Task to complete: Each line below from the line with "AVVISO PER L�AFFIDAMENTO" to the line with "Cover of My Little Nursery Rhymes" must be copied exactly, including those two, and no picture may appear in the copy.

Short descriptive text snippets:
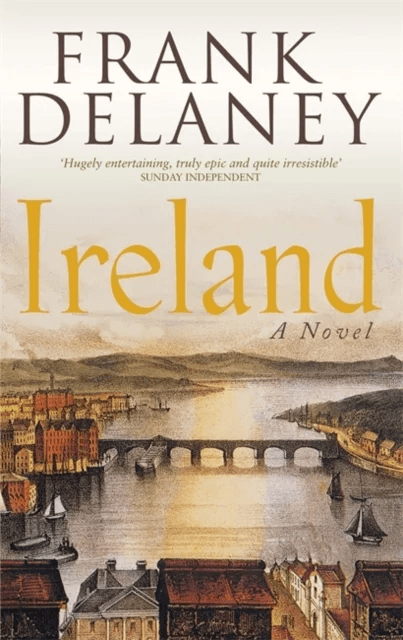 Ireland: A Novel av Frank Delaney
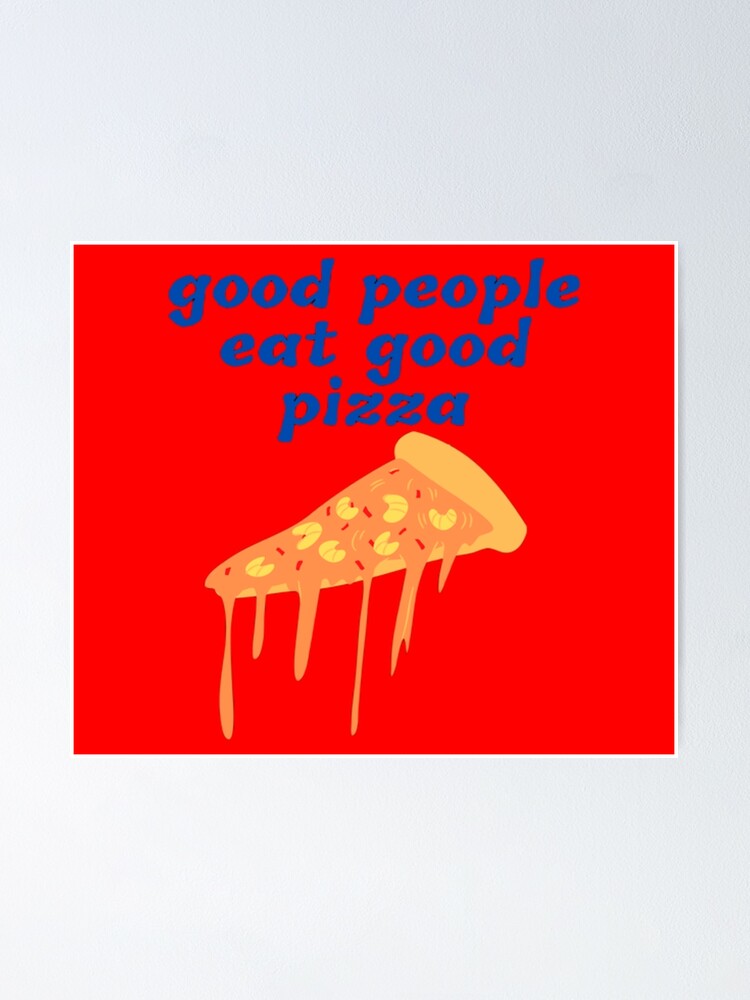 good-people-eat-good-pizza-poster-for-sale-by-zinatiz-redbubble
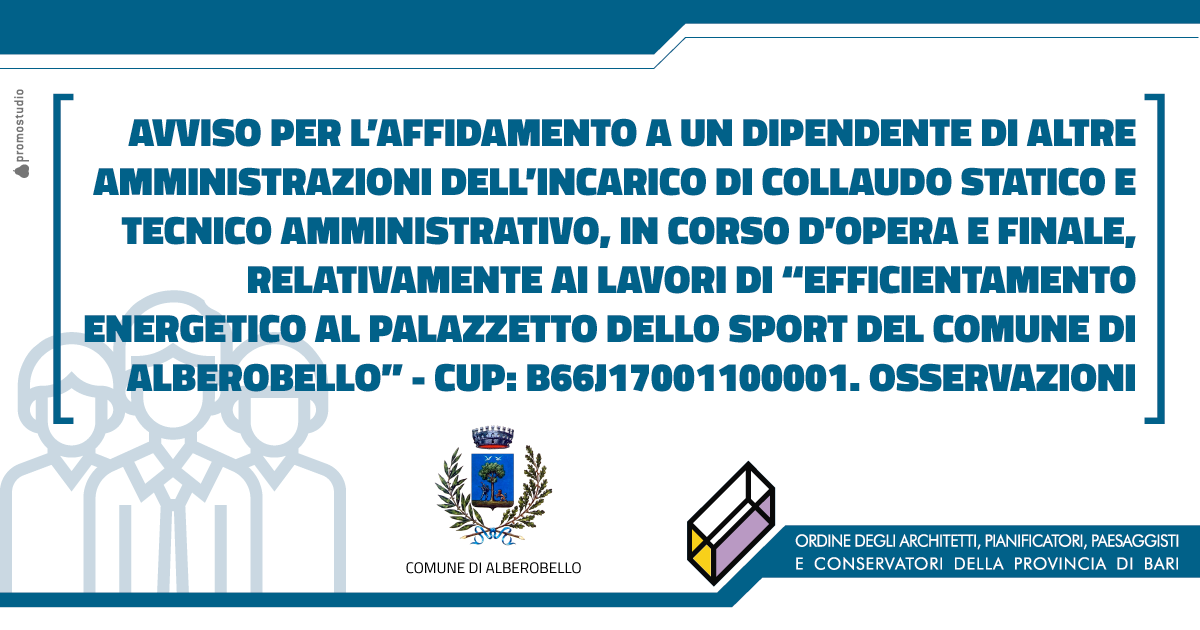 AVVISO PER L�AFFIDAMENTO A UN DIPENDENTE DI ALTRE AMMINISTRAZIONI DELL�INCARICO DI COLLAUDO STATICO E TECNICO AMMINISTRATIVO, IN CORSO D�OPERA E FINALE, RELATIVAMENTE AI LAVORI DI �EFFICIENTAMENTO ENERGETICO AL PALAZZETTO DELLO SPORT DEL COMUNE DI ALBEROBELLO� - CUP: B66J17001100001. OSSERVAZIONI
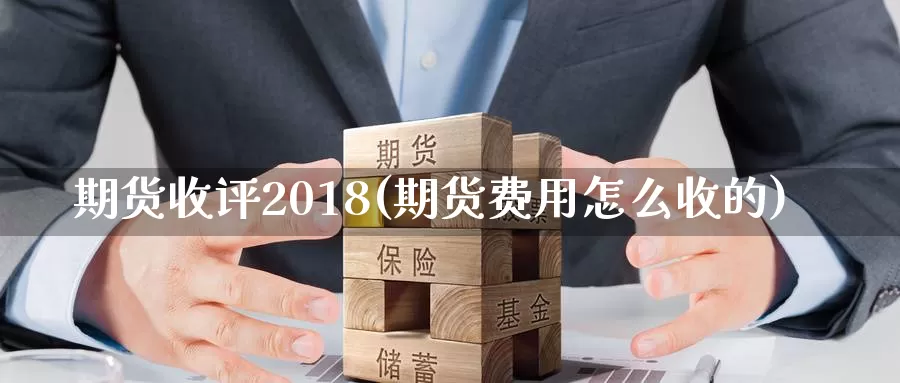 期货收评2018(期货费用怎么收的)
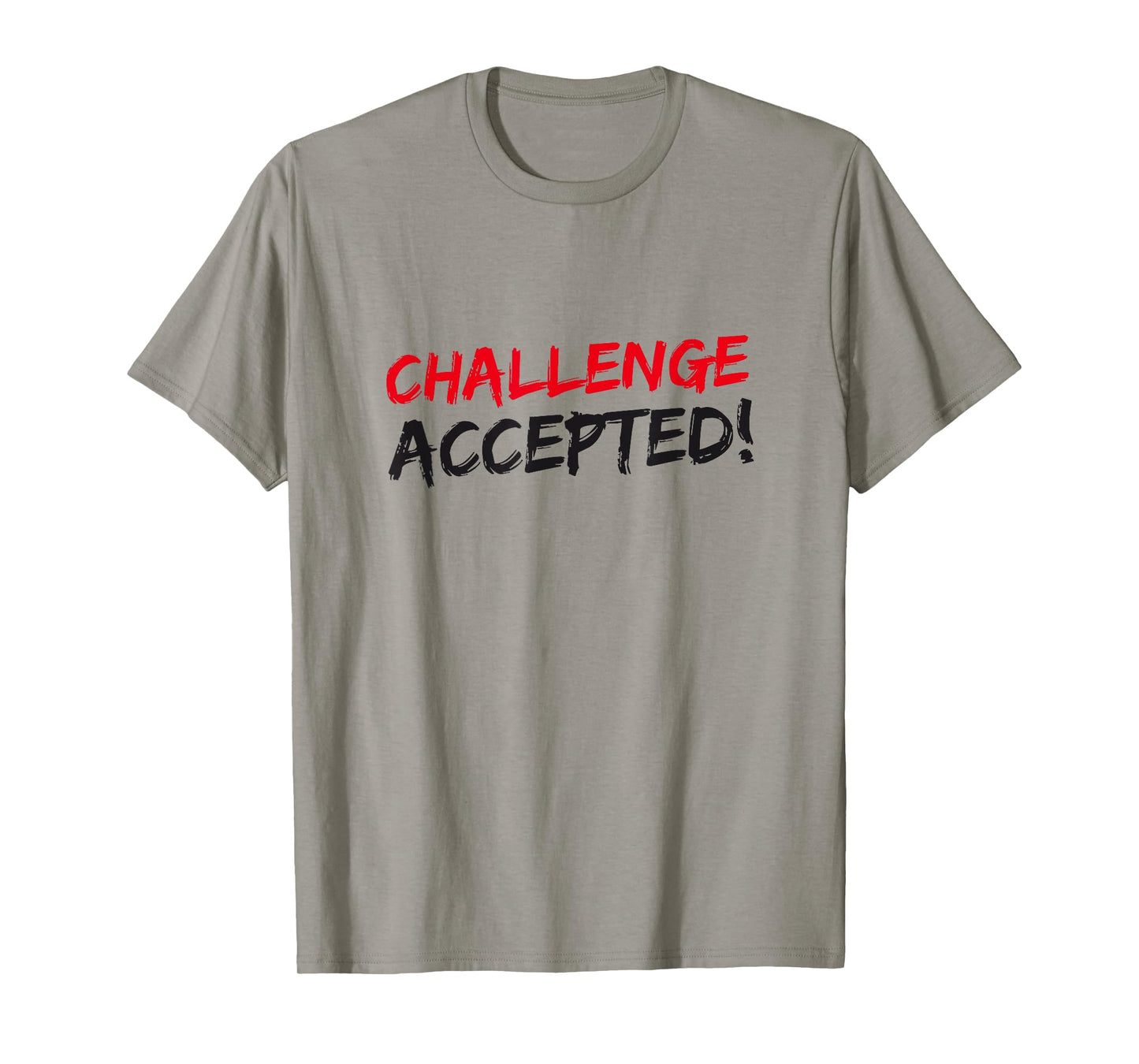 Challenge Accepted T-Shirt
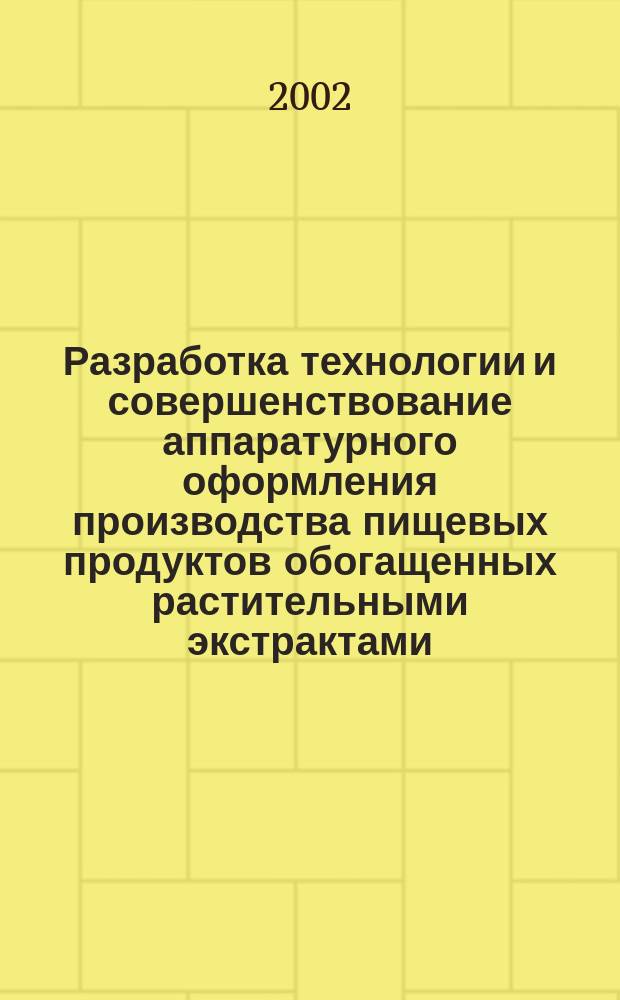 Разработка технологии и совершенствование аппаратурного оформления производства пищевых продуктов обогащенных растительными экстрактами : Автореф. дис. на соиск. учен. степ. к.т.н. : Спец. 05.18.04 : Спец. 05.18.12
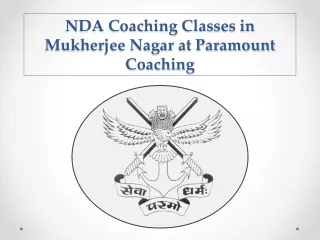 NDA Coaching Classes in Mukherjee Nagar at Paramount Coaching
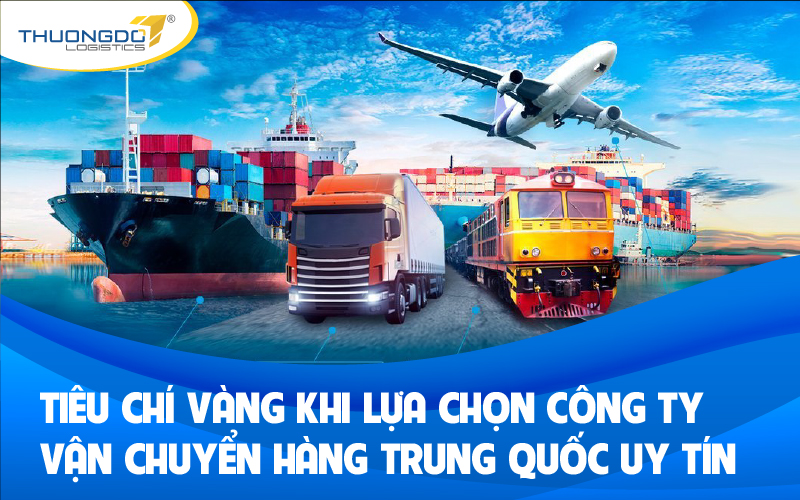 Nắm vững những tiêu chí vàng khi chọn công ty vận chuyển hàng Trung Qu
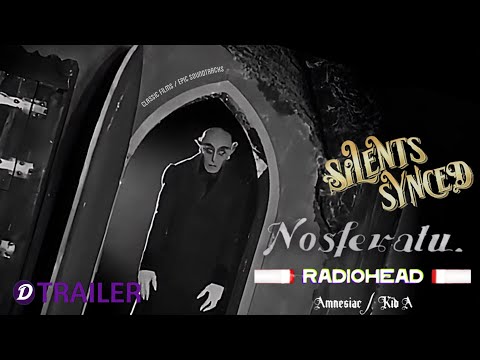 Nosferatu With Radiohead: A Silents Synced Film Trailer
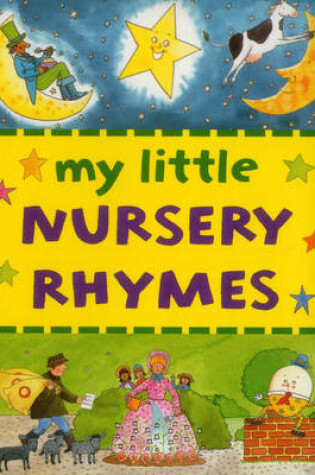 Cover of My Little Nursery Rhymes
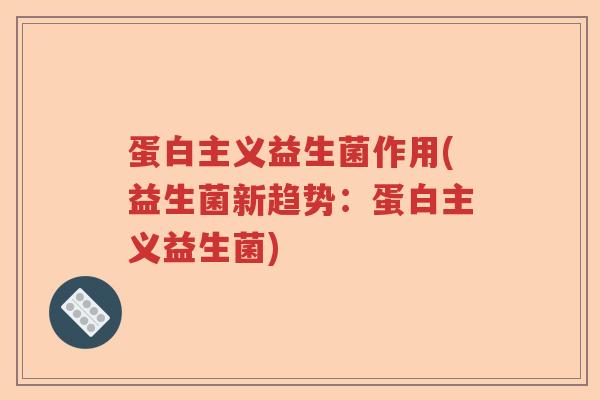 蛋白主义益生菌作用(益生菌新趋势:蛋白主义益生菌) 蛋白主义益生菌作用(益生菌新趋势:蛋白主义益生菌)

Finished exercise:
 AVVISO PER L�AFFIDAMENTO A UN DIPENDENTE DI ALTRE AMMINISTRAZIONI DELL�INCARICO DI COLLAUDO STATICO E TECNICO AMMINISTRATIVO, IN CORSO D�OPERA E FINALE, RELATIVAMENTE AI LAVORI DI �EFFICIENTAMENTO ENERGETICO AL PALAZZETTO DELLO SPORT DEL COMUNE DI ALBEROBELLO� - CUP: B66J17001100001. OSSERVAZIONI
 期货收评2018(期货费用怎么收的)
 Challenge Accepted T-Shirt
 Разработка технологии и совершенствование аппаратурного оформления производства пищевых продуктов обогащенных растительными экстрактами : Автореф. дис. на соиск. учен. степ. к.т.н. : Спец. 05.18.04 : Спец. 05.18.12
 NDA Coaching Classes in Mukherjee Nagar at Paramount Coaching
 Nắm vững những tiêu chí vàng khi chọn công ty vận chuyển hàng Trung Qu
 Nosferatu With Radiohead: A Silents Synced Film Trailer
 Cover of My Little Nursery Rhymes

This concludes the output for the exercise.